Cardinal Fridolin Ambongo Besungu
The cardinal is a Capuchin Franciscan Friar, part of a Catholic religious order focused on a simple, austere and community-centered life. Ambongo is the most prominent and effective opposition to the Democratic Republic of Congo’s president. He is always on the side of ordinary Congolese civilians, who have suffered and died through three decades of chaotic war fought over Congo’s vast mineral wealth. He has described bishops in Congo as sentinels in the midst of war and poverty.
Ambongo went from seminary professor to bishop in 2004, then became an archbishop in 2016. In 2018, he became Archbishop of Kinshasa, the capital of the DRC.
Francis made him a cardinal in 2019 and soon after appointed him to the Council of Cardinals.
Ambongo has also been president of the Symposium of Episcopal Conferences of Africa and Madagascar (SECAM), an important body speaking for the Catholic Church throughout Africa. In this role, Ambongo pushed back against Francis’ decision to extend blessings in non-liturgical settings to same-sex couples. He said this decision was inconsistent with African family values and therefore confusing for most African Catholics. But his primary objection was that Francis had violated his own principle of synodality, by moving before Africans were included in any consensus on the issue.
Ambongo is fluent in Lingala, French, Italian, English, and church Latin. He is 65 years old.
Other names under consideration include:
Cardinal Pietro Parolin
Parolin, of Italy, has often been referred to as the Vatican’s number two under Pope Francis. He is the Vatican Secretary of State, the person primarily responsible for the diplomatic and political activity of the Holy See, the governing bureaucracy of the Church.
The oddsmakers are calling Parolin a favourite to win because he ran the most important office under Francis. He cuts a cautious and conservative figure. He is a boring preacher and never says anything to the media that has not been written out for him in advance. The 133 cardinal electors in the conclave are more likely to know of Parolin than to know him personally.
Cardinal Peter Erdo
Erdo, of Hungary, is often touted as the great hope of Catholic conservatives. He is one of the very few of the 133 cardinal electors who was appointed cardinal by Pope John Paul II. (Francis appointed 108).
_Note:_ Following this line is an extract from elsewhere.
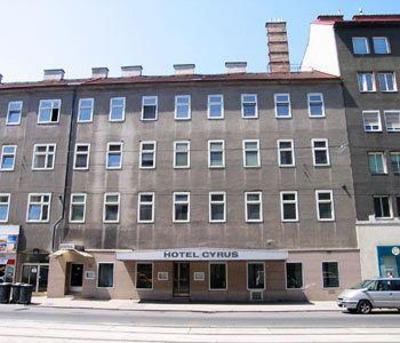 фото отеля Hotel Birg-Cyrus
He has said the church must “guard the flame” of traditional Christianity.
Cardinal Leonardo Ulrich Steiner
Steiner is Archbishop of Manaus, the capital of the Brazilian state of Amazonas. Steiner is the hope of those who want to cement environmentalism permanently into the bedrock of Catholic teaching and culture. When Francis prioritized pastoral care for people over doctrinal certainties, the Brazilian was right there with him.
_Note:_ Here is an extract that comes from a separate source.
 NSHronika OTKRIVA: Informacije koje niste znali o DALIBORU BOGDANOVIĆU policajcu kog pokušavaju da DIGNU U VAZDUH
Cardinal Pierbattista Pizzaballa
Pizzaballa is Franciscan Friar, and the Latin Rite Patriarch of Jerusalem. Originally from Italy, he has spent most of his career in the Middle East. Not only does he know the key players, the culture and the history behind the war in Gaza, he knows it from the perspective of families who have lost their children, their homes and their dignity to the conflict. If the cardinals believed Francis when he called the church a “field hospital,” Pizzaballa is their man.